I am trying to tinker with the YARN container allocation code. By container allocation, I mean the decision to place the container on a specific machine in the cluster.
I want to write my own container allocation code. To begin with, I am running Hadoop in pseudo-distributed mode with YARN. I am trying to locate the relevant points in the source code. So far, using print statements, I have been able to pinpoint the class hadoop-source-code/hadoop-yarn-project/hadoop-yarn/hadoop-yarn-common/src/main/java/org/apache/hadoop/yarn/api/impl/pb/client/ApplicationMasterProtocolPBClientImpl.java#allocate
where allocation takes place. However, I am unable to narrow it down further.
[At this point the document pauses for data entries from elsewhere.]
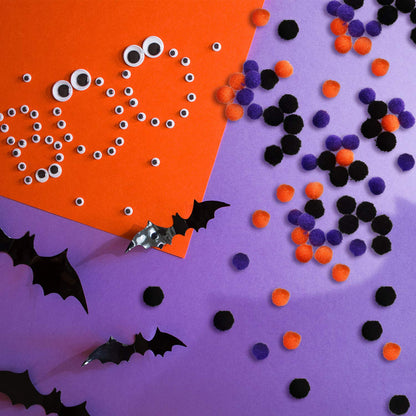 600 Piece Halloween Craft Pom Poms Mini Pompoms Fuzzy & Fluffy Balls for Party Decors (Black, Orange, Purple)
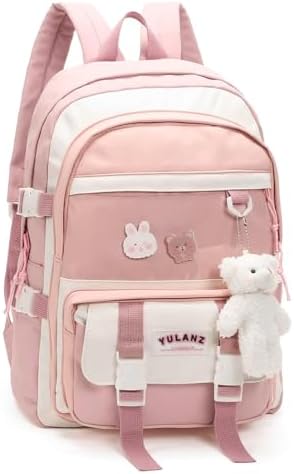 Phaoullzon Kawaii Backpack for School Aesthetic Bookbag Cute Anime Backpacks for Girls with Pins and Pendant, Pink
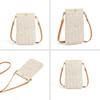 Outdoor Fashion Ladies Bohemia Beach Phone Pocket Crossbody Bag Single Shoulder Straw Messenger Bag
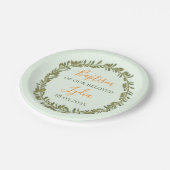 Personalisierte Taufe Kunststoffplatte mit Oliven Pappteller (Schrägansicht)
Going further into this method, I have not been able to print anything.
To recap- I would like to locate the exact point in the Hadoop source code where I would need to write my own code to replace the existing container allocation mechnism.
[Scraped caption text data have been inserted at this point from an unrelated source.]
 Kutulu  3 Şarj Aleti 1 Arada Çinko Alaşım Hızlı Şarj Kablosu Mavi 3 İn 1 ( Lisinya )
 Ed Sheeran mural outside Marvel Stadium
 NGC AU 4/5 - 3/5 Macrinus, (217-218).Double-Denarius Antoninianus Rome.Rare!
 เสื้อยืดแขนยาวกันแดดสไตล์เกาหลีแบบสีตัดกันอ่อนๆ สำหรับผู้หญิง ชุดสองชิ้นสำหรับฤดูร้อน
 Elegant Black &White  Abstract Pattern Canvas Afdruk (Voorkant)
I have not been able to print anything
At first, I thought logging is application specific but all information related to resource manager is under log file named hadoop-{username}-resourcemanager-{username}.log
under log
folder. Instead of print statement, I used LOG.info
for debugging.
Location of allocation mechanism in hadoop source code
I am using FIFO scheduler and allocation mechanism is under method FifoScheduler#assignContainersOnNode
which is called from FifoScheduler#assignContainers
which is called from FifoScheduler#nodeUpdate
method.
There is FifoScheduler#handle
method (more information here), which keeps on tracking of different events. NODE_UPDATE
is among one of those which is triggered often and hence assignment of container on given node takes place.